What the task asks.
Pictures in the entries below are to be left out; otherwise, reproduce exactly the lines from the first through the line containing "A mechanic repairing".
++++ Records provided
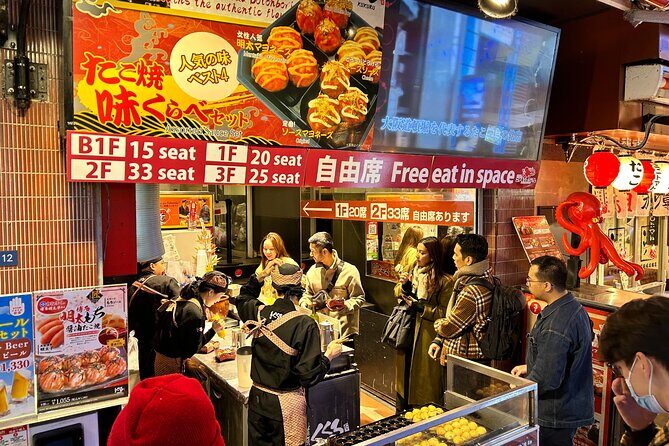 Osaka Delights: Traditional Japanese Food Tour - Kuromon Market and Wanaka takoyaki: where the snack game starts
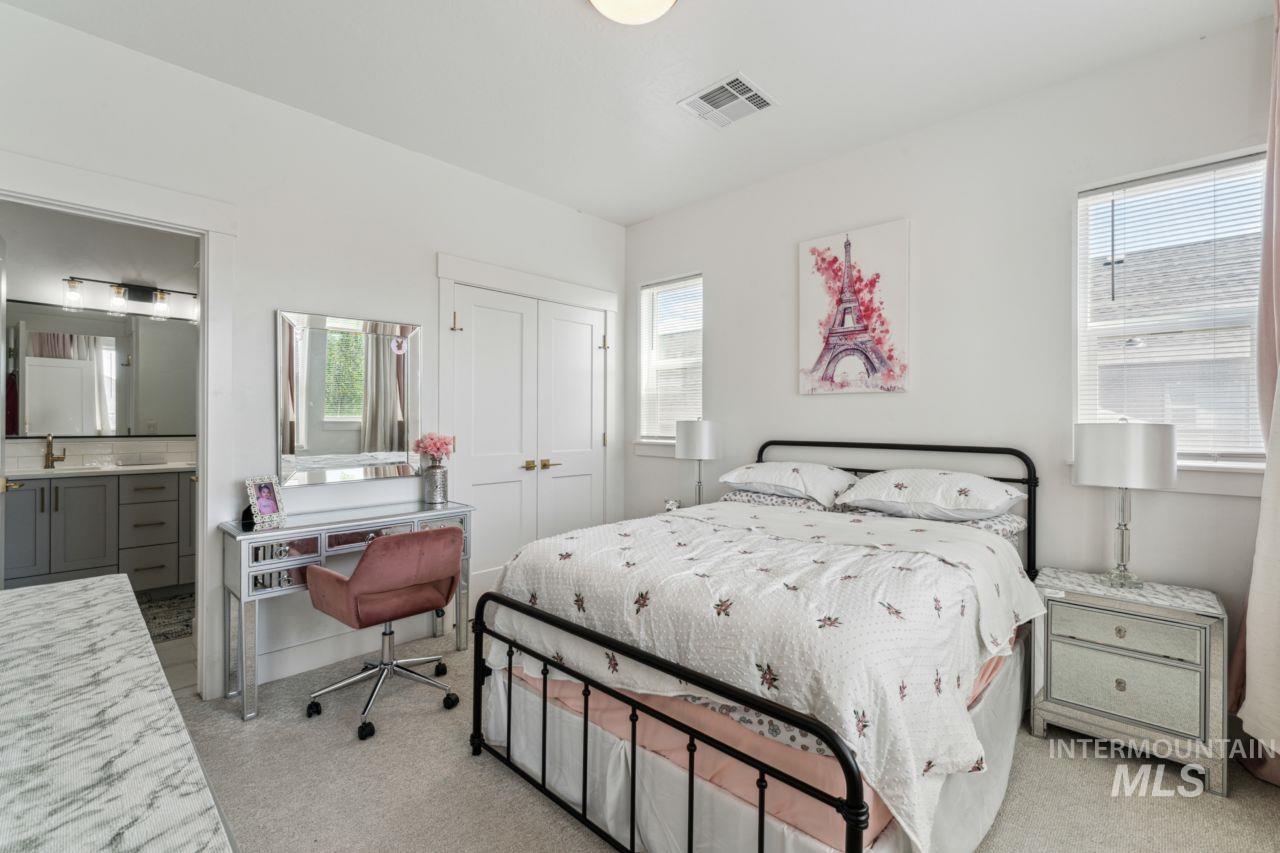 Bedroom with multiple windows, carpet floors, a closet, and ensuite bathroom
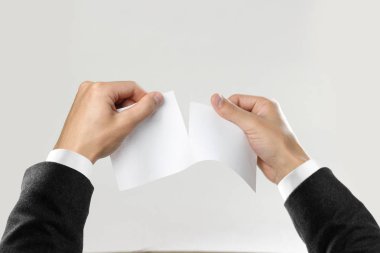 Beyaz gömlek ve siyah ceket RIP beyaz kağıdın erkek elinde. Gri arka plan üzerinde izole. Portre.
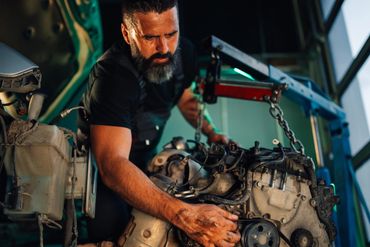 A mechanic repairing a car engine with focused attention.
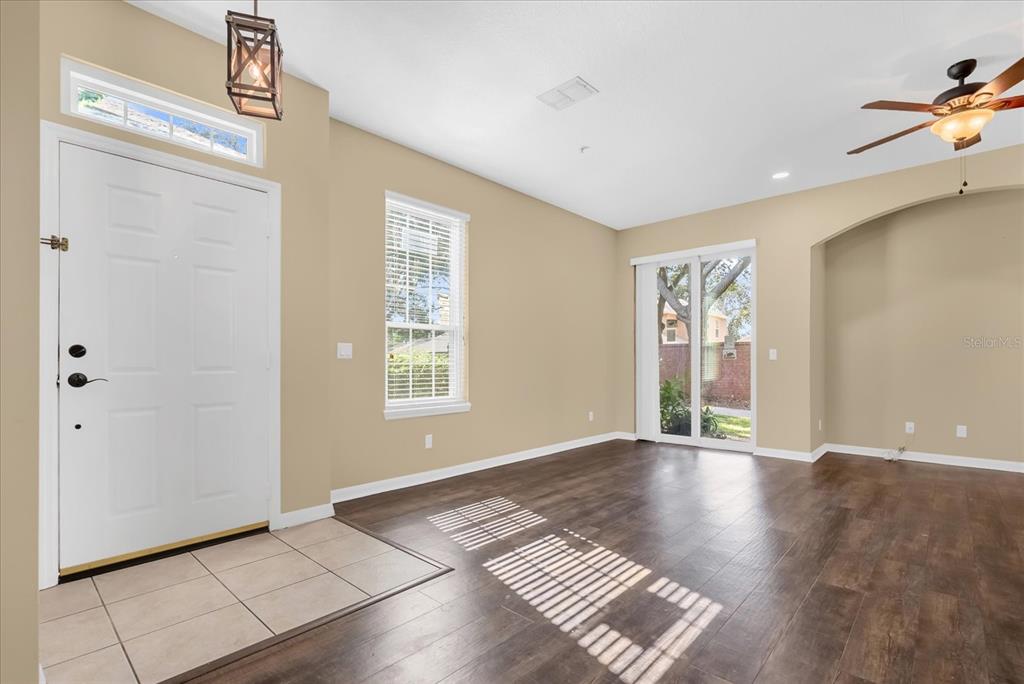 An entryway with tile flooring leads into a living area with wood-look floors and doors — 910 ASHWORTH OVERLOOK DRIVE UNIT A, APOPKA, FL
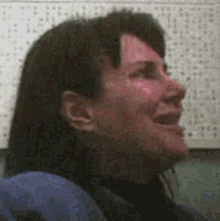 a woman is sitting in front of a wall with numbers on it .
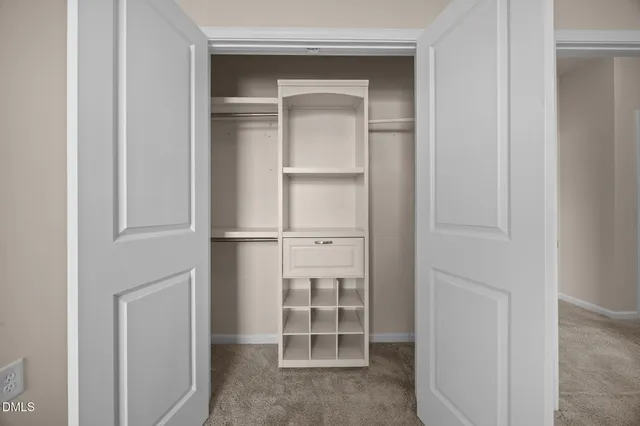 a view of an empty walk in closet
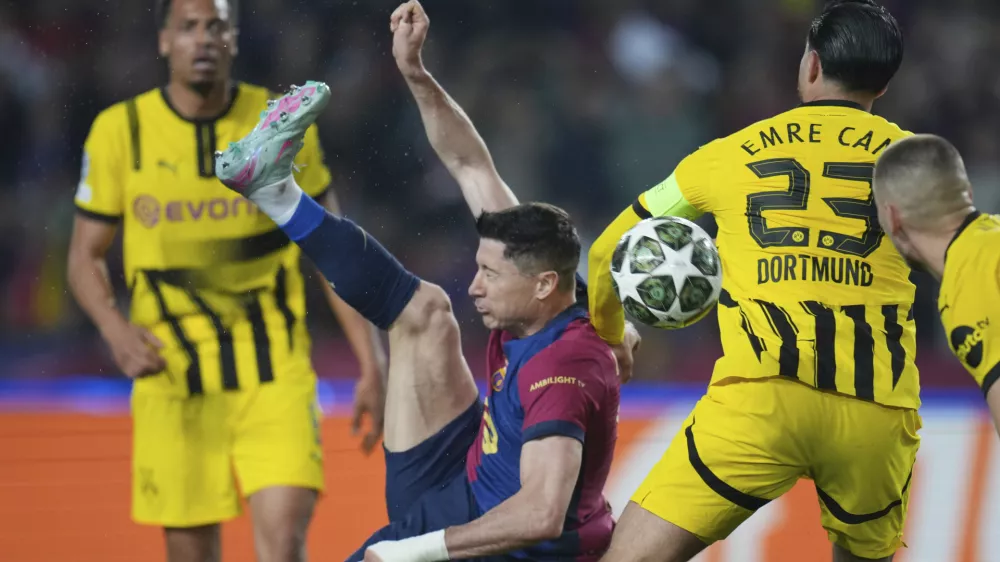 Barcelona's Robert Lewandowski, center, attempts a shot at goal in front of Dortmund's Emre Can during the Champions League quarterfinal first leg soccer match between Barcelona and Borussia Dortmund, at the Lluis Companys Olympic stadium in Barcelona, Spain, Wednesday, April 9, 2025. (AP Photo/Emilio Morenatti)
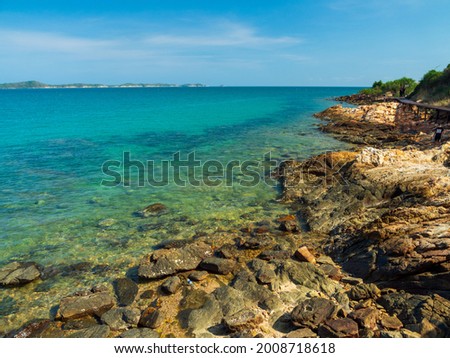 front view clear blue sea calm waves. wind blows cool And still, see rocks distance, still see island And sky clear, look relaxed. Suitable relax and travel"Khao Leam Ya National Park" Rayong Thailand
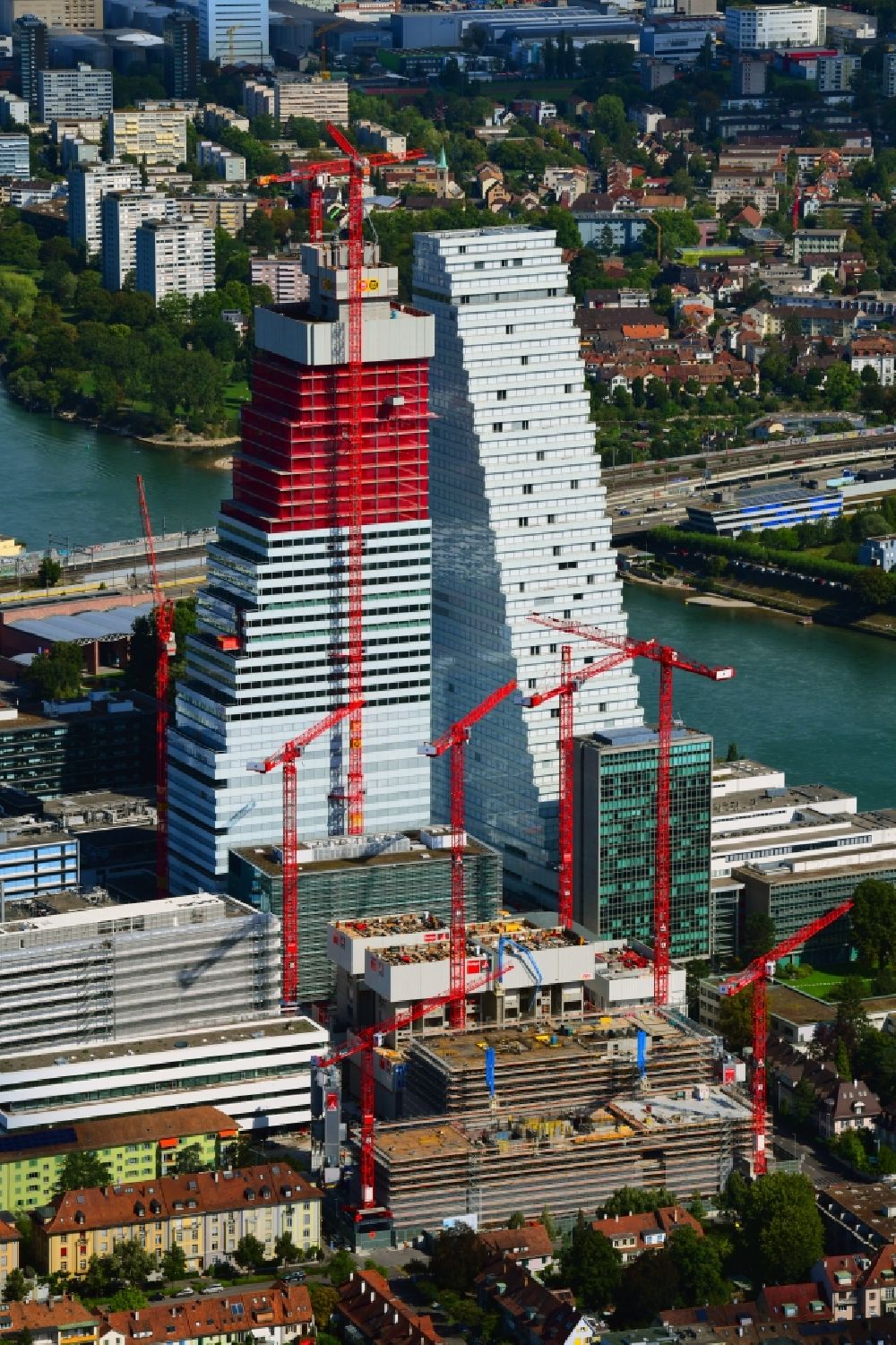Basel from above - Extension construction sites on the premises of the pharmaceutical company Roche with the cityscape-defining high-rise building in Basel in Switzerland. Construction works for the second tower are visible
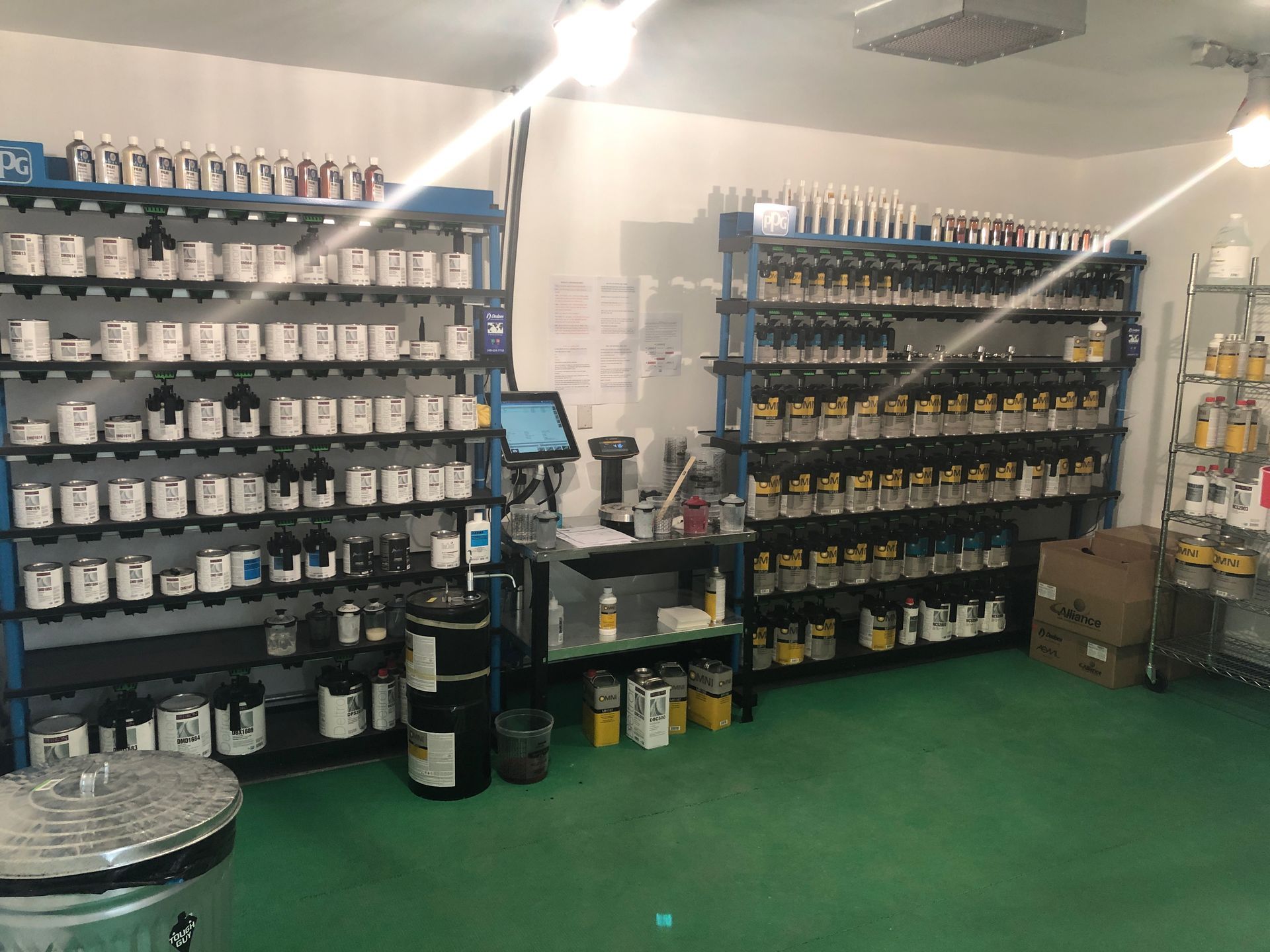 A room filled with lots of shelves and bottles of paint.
++++++++
Result of this exercise.
 Osaka Delights: Traditional Japanese Food Tour - Kuromon Market and Wanaka takoyaki: where the snack game starts
 Bedroom with multiple windows, carpet floors, a closet, and ensuite bathroom
 Beyaz gömlek ve siyah ceket RIP beyaz kağıdın erkek elinde. Gri arka plan üzerinde izole. Portre.
 A mechanic repairing a car engine with focused attention.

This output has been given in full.